对于对非国家工作人员行贿罪,虽未有配套司法解释进行明确规定,但从法理角度看,《司法解释》中针对行贿罪设定的“刑事立案前”标准,其法定刑上限高于对非国家工作人员行贿罪。根据“举重以明轻”的原则,对于罪责相对较轻的对非国家工作人员行贿,其从宽处理的门槛不应高于普通行贿罪。因此,只要尚未正式开启刑事立案程序,行贿人主动交代的,均应当认定为“被追诉前主动交代”。

(二)监察体制改革不影响非公行贿的认定

2018年监察体制改革后,职务犯罪的侦查权从检察机关划转至监察机关。这一变化引发了新的争议:有观点认为对于涉及公职人员的行贿罪,应以监察机关“立案调查”或“采取留置措施”作为追诉起点;也有观点认为《司法解释》规定的刑事立案与监察机关的立案调查属于不同含义术语,不能将监察机关的立案调查等同于刑事立案。

然而,这种争议在对非国家工作人员行贿的情形下并不存在。对非国家工作人员行贿罪与行贿罪在管辖上存在本质区别。非公行贿属于典型的破坏社会主义市场经济秩序罪,由公安机关管辖,属于普通刑事案件,不涉及监察调查程序。因此,监察体制改革对非公行贿这一罪名的“被追诉前”认定未产生任何影响。

在公安机关管辖的框架下,辩护律师在处理对非国家工作人员行贿案件时,应当坚定主张:只要公安机关尚未针对该行贿人的行贿行为进行刑事立案,均应认定为“被追诉前”。这一判断标准清晰、稳定,不受监察体制改革的影响。

二、“主动交代”的理解:不要求办案机关尚未掌握

关于“主动交代”是否以“办案机关尚未掌握”为前提,实务中存在一定分歧。有观点认为,若受贿人已先供述,行贿人的交代只是被动印证,不构成“主动交代”。

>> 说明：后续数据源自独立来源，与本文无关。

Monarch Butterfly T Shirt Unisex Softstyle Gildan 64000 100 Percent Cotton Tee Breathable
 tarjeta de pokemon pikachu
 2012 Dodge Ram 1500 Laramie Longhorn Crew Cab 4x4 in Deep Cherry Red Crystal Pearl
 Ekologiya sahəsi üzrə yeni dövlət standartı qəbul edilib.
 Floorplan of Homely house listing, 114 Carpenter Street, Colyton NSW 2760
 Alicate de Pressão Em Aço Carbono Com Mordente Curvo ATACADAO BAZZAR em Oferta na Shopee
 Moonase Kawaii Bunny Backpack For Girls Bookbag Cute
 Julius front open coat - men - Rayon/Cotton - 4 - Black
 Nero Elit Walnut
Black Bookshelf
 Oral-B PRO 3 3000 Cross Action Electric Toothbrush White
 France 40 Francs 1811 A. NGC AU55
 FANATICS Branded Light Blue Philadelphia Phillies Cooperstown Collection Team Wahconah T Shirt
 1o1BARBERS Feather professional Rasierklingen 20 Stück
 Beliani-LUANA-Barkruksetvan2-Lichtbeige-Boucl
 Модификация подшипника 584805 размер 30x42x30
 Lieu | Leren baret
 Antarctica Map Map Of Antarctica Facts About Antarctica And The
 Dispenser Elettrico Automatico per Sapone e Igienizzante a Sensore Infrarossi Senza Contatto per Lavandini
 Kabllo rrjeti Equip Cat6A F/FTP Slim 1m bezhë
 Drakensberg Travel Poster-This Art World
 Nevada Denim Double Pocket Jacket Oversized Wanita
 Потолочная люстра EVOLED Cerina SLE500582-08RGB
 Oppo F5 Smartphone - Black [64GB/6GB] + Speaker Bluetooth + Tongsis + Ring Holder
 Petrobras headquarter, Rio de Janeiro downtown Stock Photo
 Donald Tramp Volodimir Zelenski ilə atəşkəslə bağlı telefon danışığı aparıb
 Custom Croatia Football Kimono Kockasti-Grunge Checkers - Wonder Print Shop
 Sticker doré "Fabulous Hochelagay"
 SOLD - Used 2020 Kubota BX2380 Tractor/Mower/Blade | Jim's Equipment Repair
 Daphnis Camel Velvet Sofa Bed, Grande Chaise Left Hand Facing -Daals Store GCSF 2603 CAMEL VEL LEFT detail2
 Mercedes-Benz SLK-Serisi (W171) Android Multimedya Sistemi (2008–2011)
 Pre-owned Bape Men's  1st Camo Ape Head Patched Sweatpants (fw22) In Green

笔者认为,“主动交代”仅反映行为人主观意愿,不要求办案机关是否事先掌握,理由如下:

第一,遵守罪刑法定原则。法律并未规定“主动交代”必须是办案单位尚未掌握的事实,司法实践中不得随意增设限制条件。

第二,符合立法本意。贿赂犯罪通常具有高度隐蔽性,行受贿双方易形成“攻守同盟”,导致取证困难。通过给予主动交代者从宽处理,可打破双方默契,促使一方配合调查,从而有效侦破案件。若以“是否已被掌握”为标准,将严重影响行贿人主动交代的积极性,背离立法目的。

第三,司法实践已有定论。《刑事审判参考》第787号袁珏行贿案明确支持这一立场:行贿人在配合检察机关调查受贿人问题时交代行贿事实,即使检察机关已对受贿人立案,只要行贿人本人尚未被立案,仍应认定为“被追诉前主动交代”。

因此,如企业高管在作为证人接受询问时,便已如实供述了自己的行贿事实,辩护律师就应当坚定主张认定“被追诉前主动交代”。这一认定规则在实践中具有重要价值——贿赂案件的查处通常从受贿人切入,行贿人往往先以证人身份被询问,这正是“被追诉前”的黄金窗口。

三、其他量刑情节的综合运用

被追诉前主动交代”是对非国家工作人员行贿罪辩护的核心切入点,但并非唯一情节。企业高管及其辩护律师应当综合运用多种从宽因素,形成立体的辩护体系。

(一)未谋取不正当利益

对非国家工作人员行贿罪的成立以“谋取不正当利益”为前提,若行为人谋取的是正当利益,则不构成犯罪。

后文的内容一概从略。